• _Data segment_:

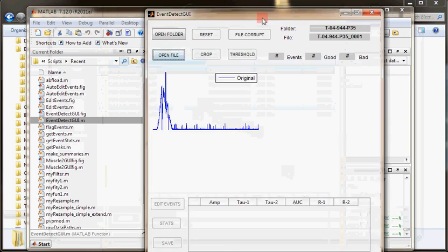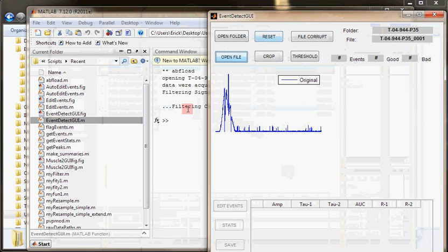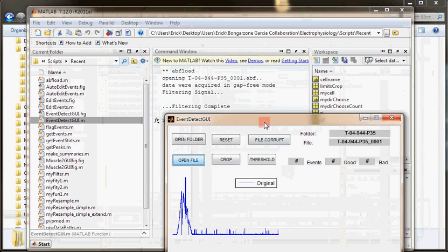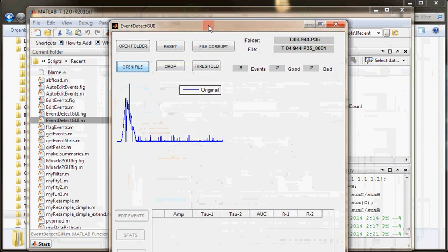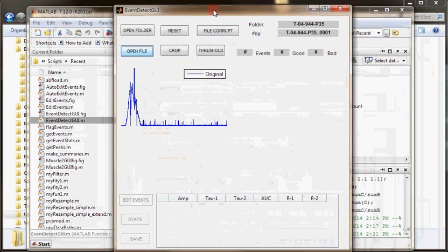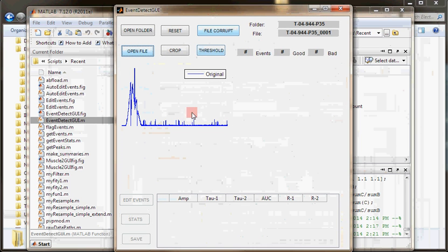It'll be thinking for a little bit while it's filtering. It filtered the data and plotted it. So now here is the data we want.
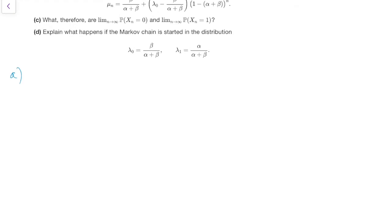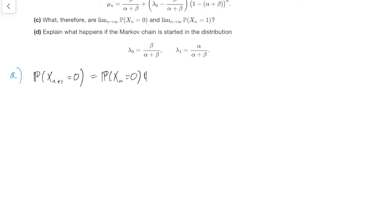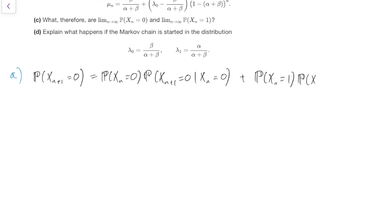We want to know μₙ₊₁, which is the probability that Xₙ₊₁ equals 0. The only tool we have at our disposal is to condition on where we were at time Xₙ — conditioning on the previous step, which is our normal technique for this course. So either at time n we were at state 0 and had to stay there, or we were in state 1 at time n and had to move over to state 0.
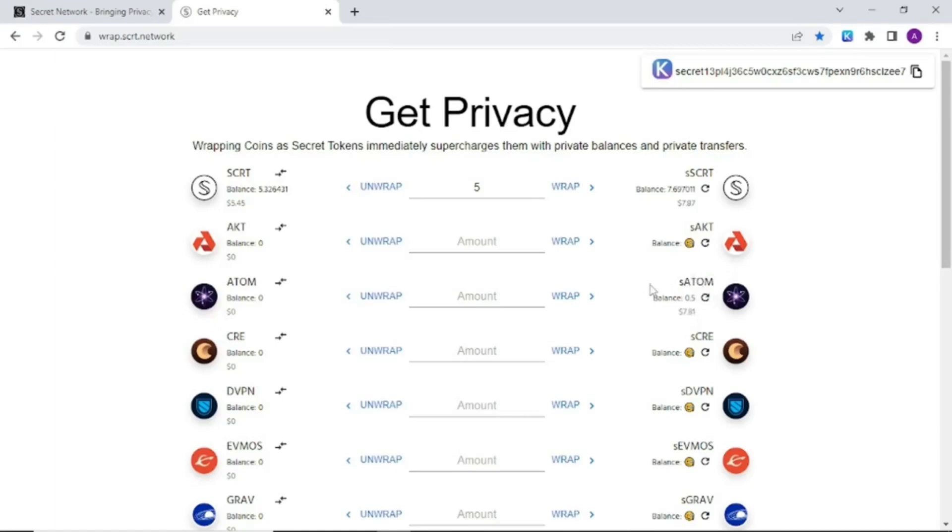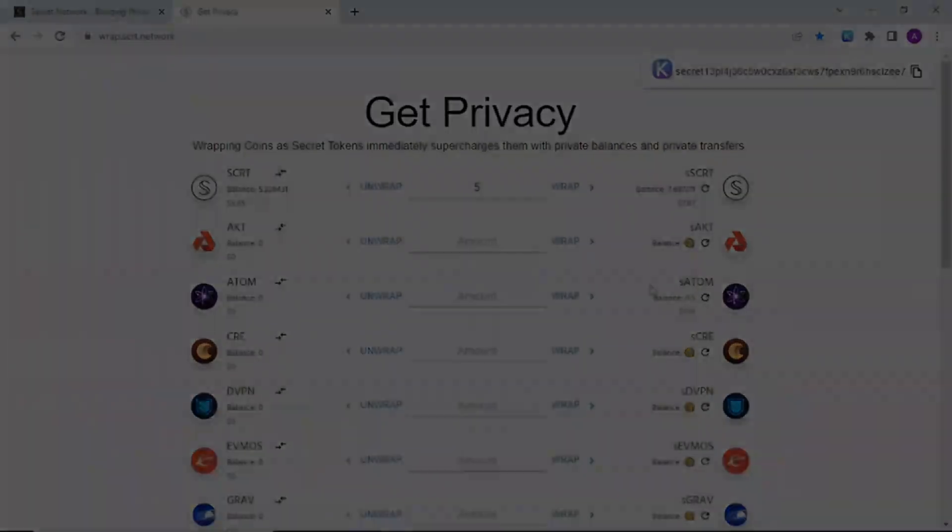Now we are ready to purchase anything and transact in privacy on the secret network. If you found this video helpful please click like, subscribe, follow our other socials and consider sharing it with someone you think it could help. After all, who doesn't have a few secrets to keep and we will see you on the other side.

• _What you should do_: Set the pictures aside and transcribe the data above exactly.

• _Response box_:
It'll be thinking for a little bit while it's filtering. It filtered the data and plotted it. So now here is the data we want.
We want to know μₙ₊₁, which is the probability that Xₙ₊₁ equals 0. The only tool we have at our disposal is to condition on where we were at time Xₙ — conditioning on the previous step, which is our normal technique for this course. So either at time n we were at state 0 and had to stay there, or we were in state 1 at time n and had to move over to state 0.
Now we are ready to purchase anything and transact in privacy on the secret network. If you found this video helpful please click like, subscribe, follow our other socials and consider sharing it with someone you think it could help. After all, who doesn't have a few secrets to keep and we will see you on the other side.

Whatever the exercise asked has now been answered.